Presentation 3 Title: Widening the Gap: Intersectional Analysis of Advanced Placement Physics Participation and Performance by Gender and Ethnicity
Presentation 3 Authors: Angela M. Kelly & Robert Krakehl
Presentation 3 Abstract: This quasi-experimental, observational study examined access and performance of students in four Advanced Placement (AP) Physics courses in 2018-19: AP Physics 1 (N=150,451), AP Physics 2 (N=20,466), AP Physics C Mechanics (N=49,951), and AP Physics C Electricity & Magnetism (N=20,449); this analysis utilized an intersectional lens of ethnicity and gender in identifying enrollment and performance disparities. Descriptive and inferential analyses were conducted to determine whether the distribution of student ethnicities and genders for students who took the examinations was similar to that of U.S. schools. Results indicated that AP Physics 1 was a relatively accessible course, though enrollment disparities among genders and ethnicities grew as the AP Physics courses became more advanced with physics and/or calculus prerequisites or corequisites. There were large decreases in course enrollments from first- to second-year AP Physics courses, particularly for women who were also underrepresented ethnic minorities. In terms of performance, AP Physics 1 had the lowest overall weighted average, with the majority of students failing the examination. Women who were traditionally underrepresented ethnic minorities were found to have failure rates of over 80% on the AP Physics 1 examination, and failure rates near 50% for AP Physics 2 and the AP Physics C courses compared to non-minority men who had approximately half the failure rates. In most cases, men outperformed women who shared their ethnicities. These results present opportunities for physics education policy makers and researchers to design interventions for students in intersecting marginalized social groups, many of whom have disproportionately low representation and achievement in advanced high school physics.

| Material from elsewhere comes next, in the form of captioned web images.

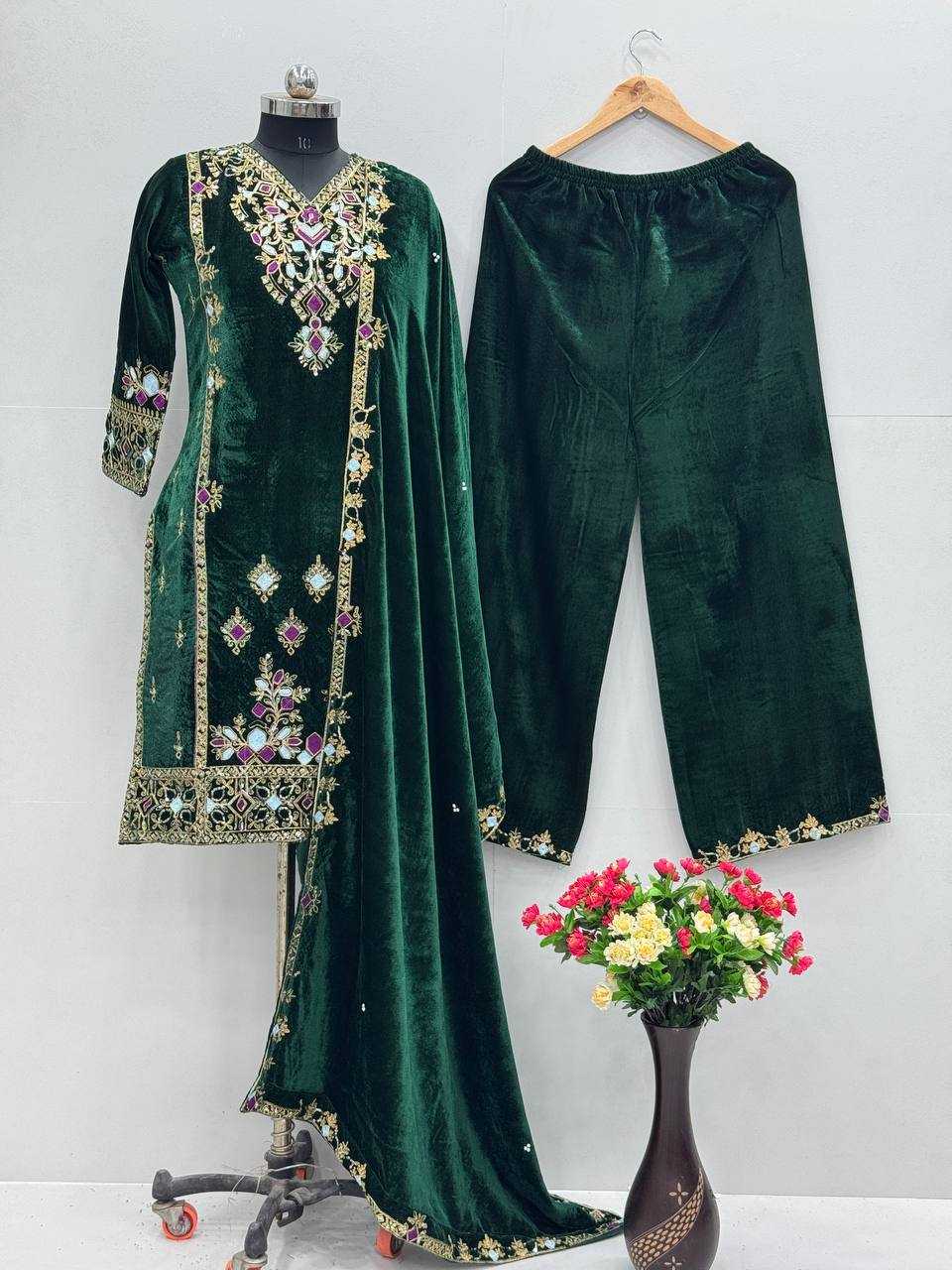 Ynf Velvet KESH139 1660 Suits & Dresses Wholesale Velvet Suits Party wear suits Designer Suits Manufacturer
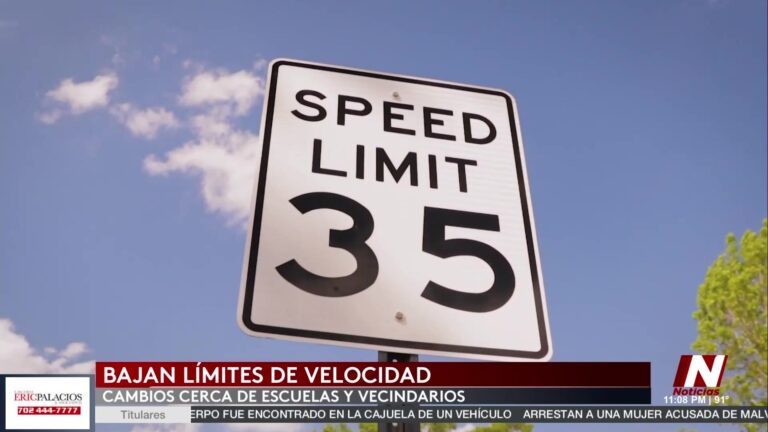 Las Vegas Refuerza Seguridad en Zonas Escolares y Residenciales con Nuevos Límites de Velocidad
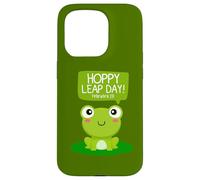 Funny Green Frog Hoppy Leap Day Février 29 Cool Frog Lovers Coque pour iPhone 15 Pro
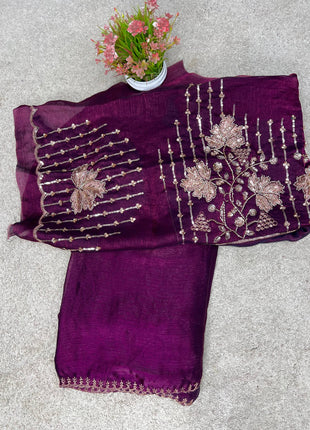 Crush Saree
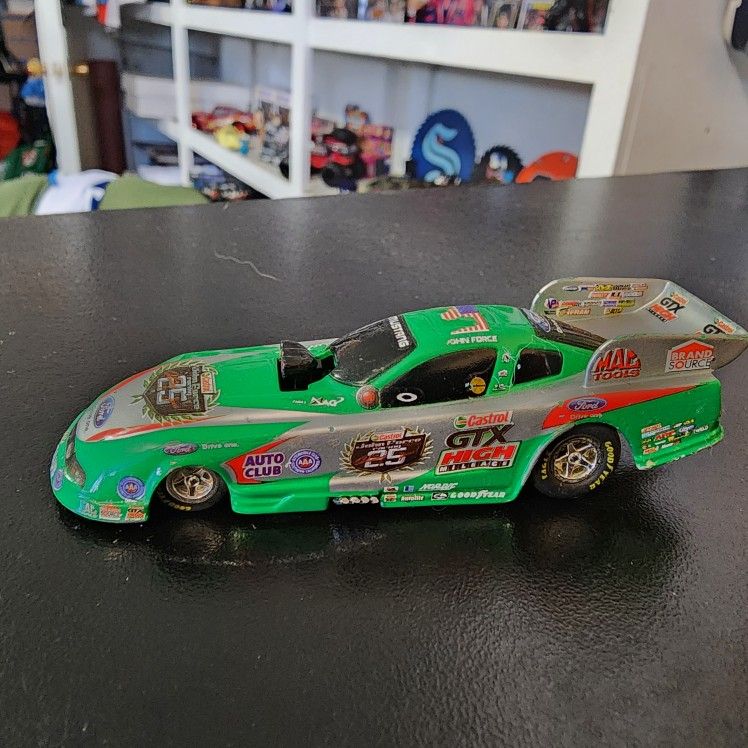 John Force Funny Car 1/64 Scale Die Cast Car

Presentation 4 Title: How did Physics Become a Course for Boys? A History of Gender Enrollment in High School Physics
Presentation 4 Authors: Keith Sheppard & Dennis M. Robbins
Presentation 4 Abstract: Access to and enrollment in high school physics has until fairly recently been predominantly a privilege of boys. Recent publications have suggested that the gap in gender enrollment has narrowed, and in some instances, become equal. This has often been attributed to the publication of a Nation at Risk in 1983 and the subsequent broad increase in high school graduation requirements in science and mathematics. But has this always been the case? Was the access of girls to physics courses always restricted? This historical study provides an overview of high school physics gender enrollment, starting in the 19th century and tracking forward to the present day. It utilizes both nationwide data from the U.S. Bureau of Education and state-level data from New York State's public schools and academies. As such it provides the historical backbone and context for the rest of this symposium's content. In the past, women enrolled in physics in ways not observed since. In 1890, the number and percentage of women enrolled high school physics in the U.S. were greater than that of men. The early decades of the 20th century marked the beginning of an overall historical decline in the percentage of students taking physics, which reached its nadir in the 1980s shortly before A Nation at Risk was published. Over time, however, the loss of women was much greater and the period of 1900 to 1950 initiated a long-standing educational division between genders. The study also addresses some of the root causes of the differing levels of participation of men and women. Female participation has increased in the last forty years but a persistent chasm between the genders in physics course-taking and credit-earning has been the norm for the last 100 years.